结果为了摆脱那些人,不得不付出更多的精力和体力。

    现在,双方就隔着熊津城外的一片丛林,似乎在玩起了猜牌游戏。

    苏大为不清楚对方手里有多少人,不敢放手一搏,避免被对方“围猎”。

    万一被拖住,百济夫余台所有异人尽出,苏大为也没有把握能一个人挑战对方的护国组织。

    智者所不取。

    但是对方,也清楚苏大为他们的破坏力,在没有十足把握前,就算知道苏大为的位置,也不敢一次把所有人堆上来。

    只敢不断的骚扰、疲弊。

    占时,维持住一种均衡局面。

    其实双方都在等,都在等破局的机会,也就是外来的变数。

    这个变数不知何时会发生,但彼此都清楚,一定会有变数。

    这是时间早晚的问题。

    南九郎手脚麻利的替黑齿常平包扎着伤。

    “苏帅,他还在昏迷,外伤我可以包扎,不过他的肋骨好像断了,我……”

    “我来吧。
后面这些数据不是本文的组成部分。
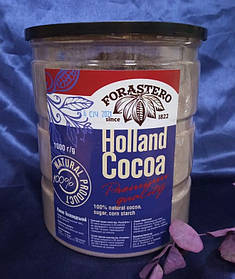 Какао порошок Голландський Holland Cacao Банка 1 кг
”

    苏大为走上去,手掌轻贴在黑齿常平的肋间,静心感受着。

    无所不在的元气,像是他身体的延伸,浸入对方体内,感觉着骨骼的走向变化。

    数息后,苏大为掌劲一收。

    两股力量自掌中发出,一推一吸。

    吧喀!

    一声清晰的脆响。

    昏迷中的黑齿常平身体如触电般的抽搐了一下。

    “好了,断骨我给他复位了,内脏没有被戳到,不幸之万幸。不过有些内伤,需得调养数月才行。”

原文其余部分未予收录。